Già la prima mappatura – i cui risultati sono stati resi disponibili da Infratel lo scorso ottobre – ha consentito di ottenere una granularità territoriale come mai prima d’ora: rispetto al 2014 il numero degli operatori è passato da 7 a 30 e per la prima volta il territorio nazionale è stato suddiviso in 94.645 aree. Ma il governo punta molto più in alto: le 94mila e passa aree sarebbero troppo “poche” per consentire una rilevazione di precisione e addirittura si starebbe valutando l’ipotesi di replicare il modello francese (France Tdh) in cui i cluster corrispondono alle singole unità immobiliari. In questo modo si potrebbero modulare i bandi per consentire il cablaggio di tutti gli edifici localizzati nelle aree a fallimento di mercato senza rischiare “zone d’ombra” ossia di aprire un nuovo digital divide. Anche perché la percentuale degli italiani che vive nelle aree C e D non è risibile: stando alle stime l’ordine è del 35%.

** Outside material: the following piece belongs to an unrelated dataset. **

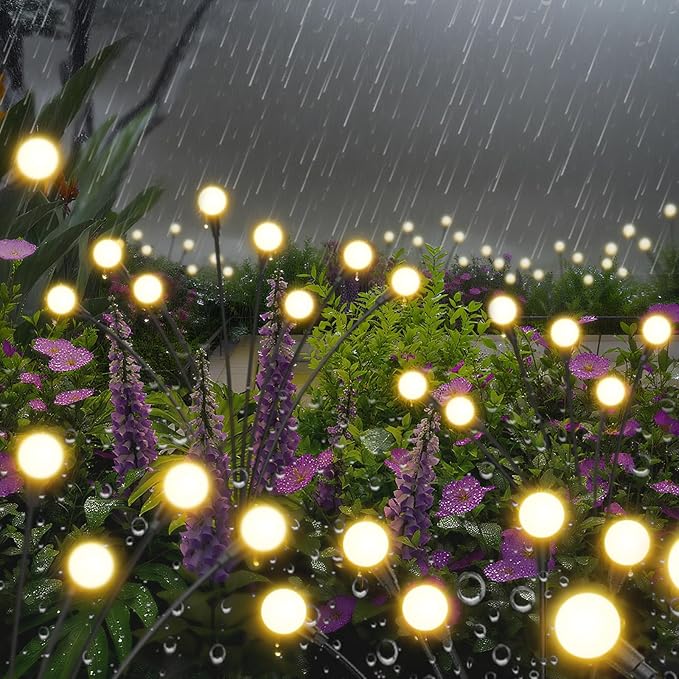 Solar Lights Outdoor-6Pack 48LEDs Solar Garden Firefly Lights Outside,Solar Powered Light Outdoor and Garden Decorative IP65 Waterproof,Yard Patio Pathway Decor,Gardening Gifts for Women,Warm White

Secondo i dati della consultazione 2015 di qui al 2018 il 36,3% delle unità immobiliari non sarebbe collegato ad alcuna rete a banda ultralarga, mentre solo il 21,42% del totale sarebbe collegato in modalità FTTB/FTTH/FTTDP. Il tutto a fronte di obiettivi al 2020 che prevedono il 100% del territorio raggiunto dai 30 Mbps e l’85% del territorio a 100 Mbps.
Il governo potrà utilizzare anche un altro strumento per la mappatura: il Catasto nazionale delle infrastrutture annunciato lo scorso novembre dal sottosegretario alle Comunicazioni Antonello Giacomelli.